These permanently shadowed regions within craters around the poles of Mercury receive only scattered sunlight and thermal emissions from the surrounding topography. The temperatures within these permanently shadowed regions are therefore sensitive to the orientations of the surface and surrounding topography. Finally, burial under a thin regolith layer can enable the ice deposits to remain stable at higher temperatures and can extend the presence of ice deposits to lower latitudes.

Currently, NASA’s MESSENGER (MErcury Surface, Space ENvironment, GEochemistry and Ranging) spacecraft is on its way to Mercury and MESSENGER is expected to enter orbit around Mercury on 18 March 2011. Since its launch on 3 August 2004, MESSENGER has made one Earth flyby, two Venus flybys and three Mercury flybys. These flybys are a form of gravity assist maneuvers which greatly reduce the amount of fuel required to fly MESSENGER on the right trajectory that will allow it to eventually enter orbit around Mercury. The three flybys of Mercury by MESSENGER have already generated an astonishing amount of interesting science that is poised to greatly change and increase our understanding of the elusive closest planet from the Sun. If you want to find out more, visit the mission homepage at http://messenger.jhuapl.edu/.

Sunday, July 18, 2010

Frozen Oasis

Liquid water cannot exist on the surface of the Moon as it will rapidly evaporate on its airless surface or get broken down into hydrogen and oxygen by sunlight. However, water can be present in the form of ice within permanently shadowed craters at the Moon’s poles. In such places, the Sun never gets high enough over the horizon to cast its rays over the rims of these craters and illuminate the floors of the craters.
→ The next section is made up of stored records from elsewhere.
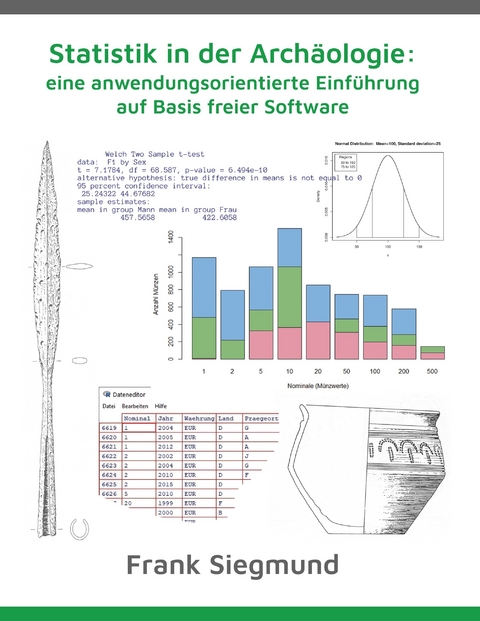 Statistik in der Archäologie: eine anwendungsorientierte Einführung auf Basis freier Software -  Frank Siegmund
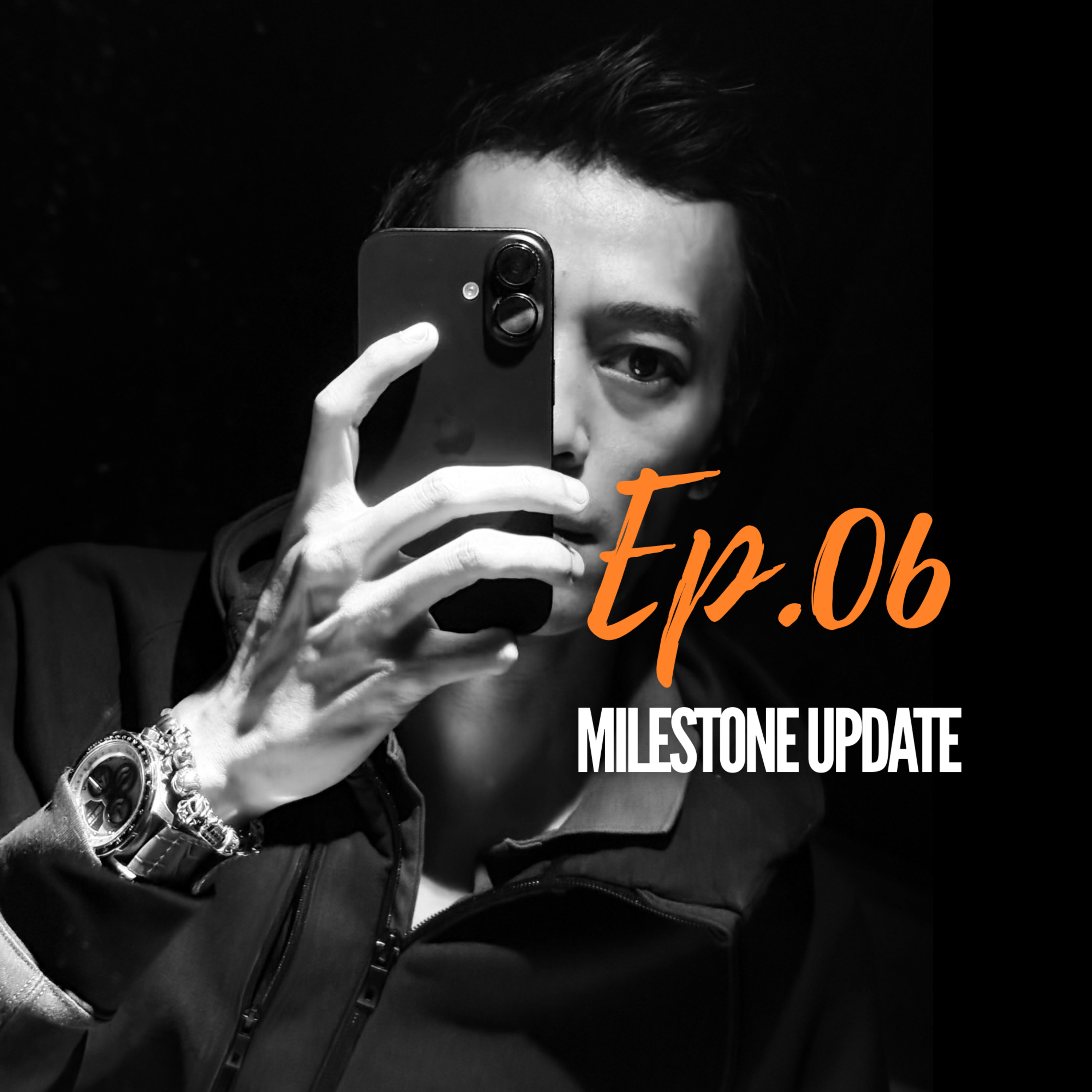 Ep 06 | A Milestone Update episode artwork
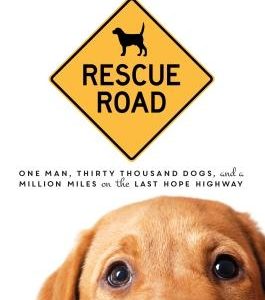 Rescue Road: One Man, Thirty Thousand Dogs, and a Million Miles on the Last Hope Highway
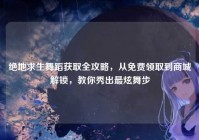 绝地求生舞蹈获取全攻略，从免费领取到商城解锁，教你秀出最炫舞步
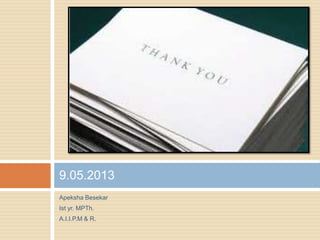 Apeksha Besekar
Ist yr. MPTh.
A.I.I.P.M & R.
9.05.2013
 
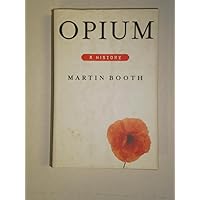 Opium: A History Opium: A History Hardcover Kindle Audible Audiobook Paperback Audio CD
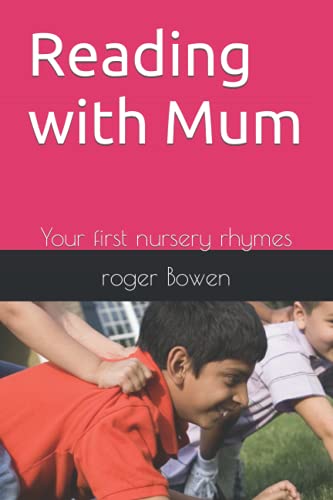 9798485896850: Reading with Mum: Your first nursery rhymes
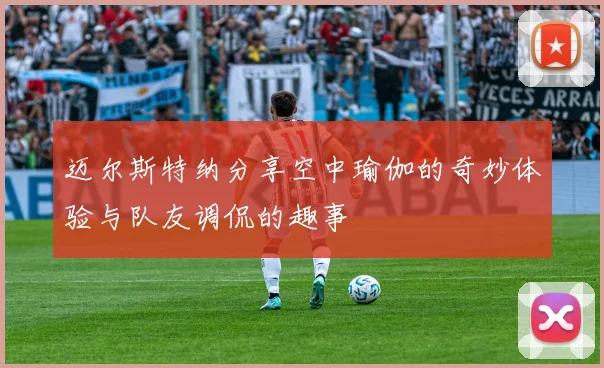 迈尔斯特纳分享空中瑜伽的奇妙体验与队友调侃的趣事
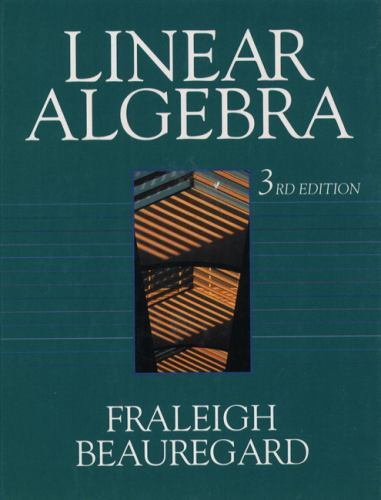 Linear Algebra by Fraleigh, John B.; Beauregard, Raymond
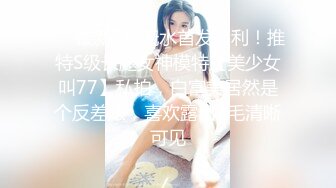 ❤️最新5月无水首发福利！推特S级长腿女神模特【美少女叫77】私拍，白富美居然是个反差婊，喜欢露出B毛清晰可见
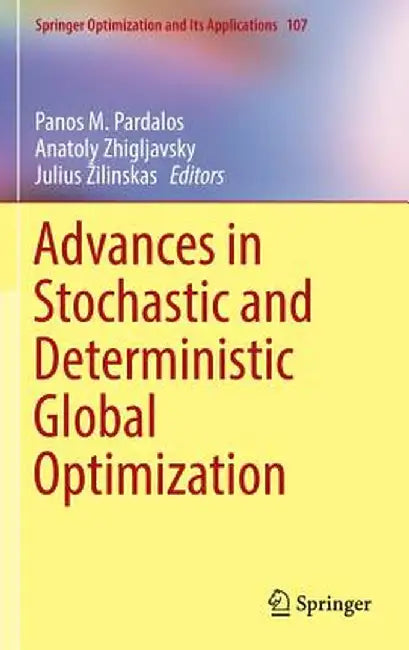 Advances in Stochastic and Deterministic Global Optimization by Panos M. Pardalos
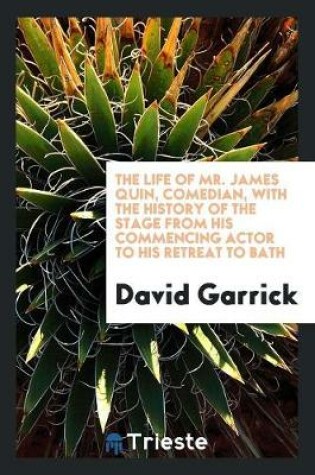 Cover of The Life of Mr. James Quin, Comedian, with the History of the Stage from His Commencing Actor to His Retreat to Bath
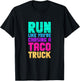 Run Like You're Chasing A Taco Truck Food Trucks T-Shirt - T-Shirt | Black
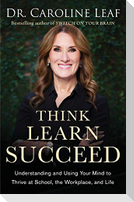 Think, Learn, Succeed - Understanding and Using Your Mind to Thrive at School, the Workplace, and Life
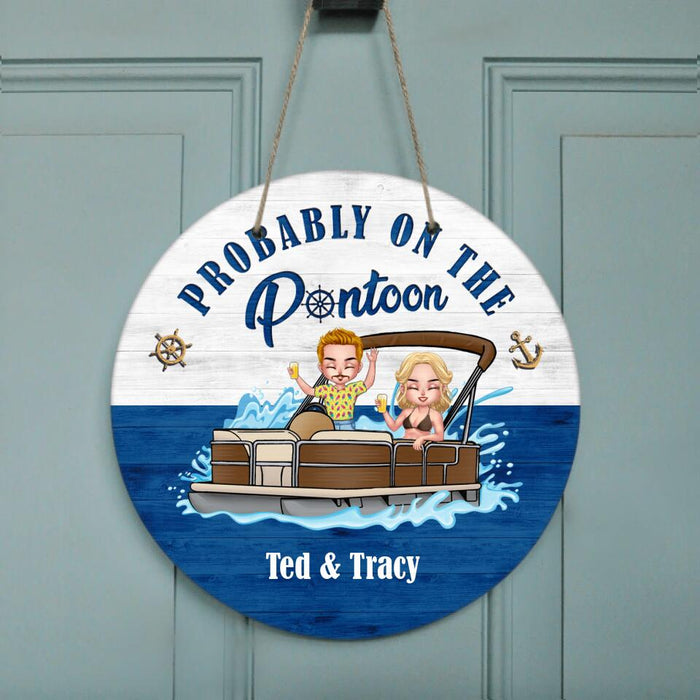 Personalized Probably On The Pontoon Door Sign - Couple/Man/Woman - Gift Idea For Pontoon Lovers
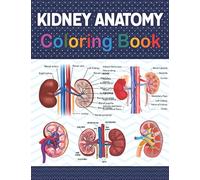 Kidney Anatomy Coloring Book: Fun and Easy Human Kidney Anatomy Coloring Book. Learn The Human Kidney Anatomy With Fun & Easy. Human Kidney Anatomy ... Nephrology Coloring Book For Nephrologist.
Without ever being warmed by the Sun, these permanently shadowed regions can maintain incredibly low temperatures which make them ideal for water in its frozen form to exist over billion-year timescales. In fact, an instrument onboard NASA’s Lunar Reconnaissance Orbiter recorded temperatures as low as 25 degrees Kelvin or -248 degrees Centigrade in areas within these permanently shadowed regions, making them amongst the coldest known places in the Solar System!

[29] From whose womb comes the ice? Who gives birth to the frost from the heavens [30] when the waters become hard as stone, when the surface of the deep is frozen?
- Job 38:29-30 (New international Version)

The permanently shadowed craters at the Moon’s poles can serve as cold traps where water brought to the Moon by impacting comets can accumulate in these places. This week, I researched on the retention of water from the impacts of comets onto the surface of the Moon. Comets are small icy objects which orbit the Sun and they range in sizes from a few hundred meters to tens of kilometers across. Comets are known to contain a large amount of volatiles, especially water in the form of ice. When a comet impacts the Moon, a fraction of the water from the comet can eventually end up in these permanently shadowed craters and accumulate there in the form of ice.

In my research, I derived a method which estimates the fraction of the comet’s mass that remains gravitationally bound to the Moon after the impact. I carried out the computations and analysis for various impact velocities and various impact incident angles. From my results, a significant fraction of the comet’s mass remains gravitationally bound to the Moon after the impact as long as the impact velocity of the comet is less than 30 to 40 kilometers per second. In my analysis, the comet’s mass is assumed to be entirely made up of water.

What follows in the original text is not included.